Il embarque devant Djidjelli (Algérie) dix compagnies du régiment de Picardie soit environ 800 hommes supplémentaires[21]. Il y a donc une surcharge d'hommes dont certains blessés, outre les membres d'équipage destinés à manœuvrer le navire. La traversée met quatre jours, durant lesquels les membres de l'équipage doivent écoper car le navire prend l'eau.

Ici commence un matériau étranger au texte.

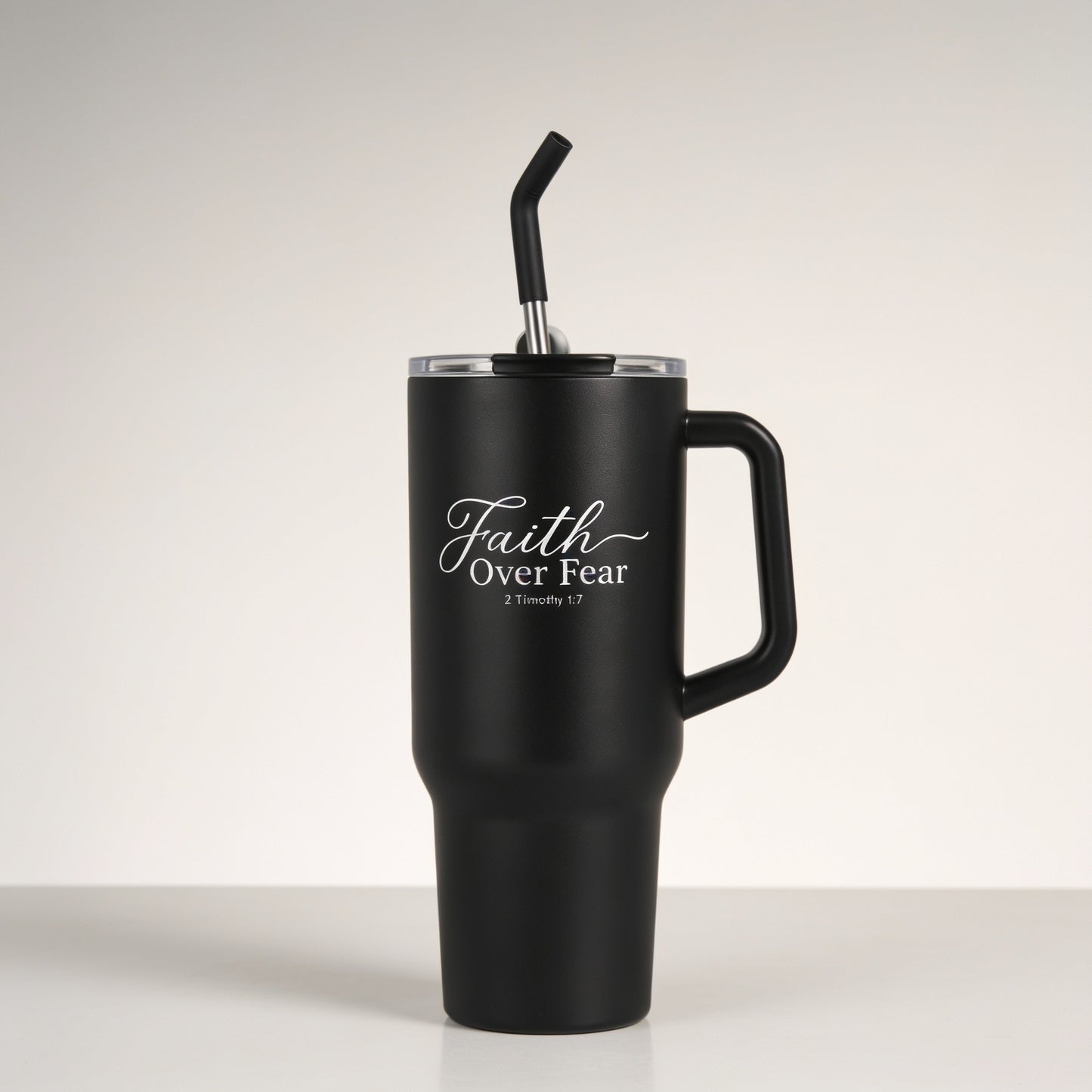 Faith Over Fear 40oz Stainless Steel Tumbler | 2 Timothy 1:7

À son retour à Toulon, le Commandeur de Verdille, capitaine de vaisseau, se voit refuser l'accès à la rade, les navires susceptibles d'apporter la peste étant mis en quarantaine par l’Intendant de la Marine Louis Testard de la Guette. S'étant éloigné de la rade de Toulon, le vaisseau se disloque, s'ouvre en deux et coule à pic — « comme du marbre » selon les témoignages des rescapés — dans la rade d'Hyères, à proximité des îles d'Hyères, avec à son bord les dix premières compagnies du régiment de Picardie.
Plus de 700 hommes périssent noyés, avec parmi eux le général de la Guillotière, l'un des deux maréchaux de camp du comte de Gadagne durant l'expédition[22],[23]. Une centaine de rescapés parviennent à gagner l'île de Port-Cros mais, abandonnés sur cette île déserte de 7 km2, ils meurent tous de faim[24]. Le Commandeur de Verdille et Antoine Bœsset de La Villedieu (aide de camp du général de la Guillotière) s'en réchappent tous les deux à la nage[25],[22]. On n'aurait compté en tout que quelques dizaines de rescapés, voire seulement 24 selon Bachelot[26].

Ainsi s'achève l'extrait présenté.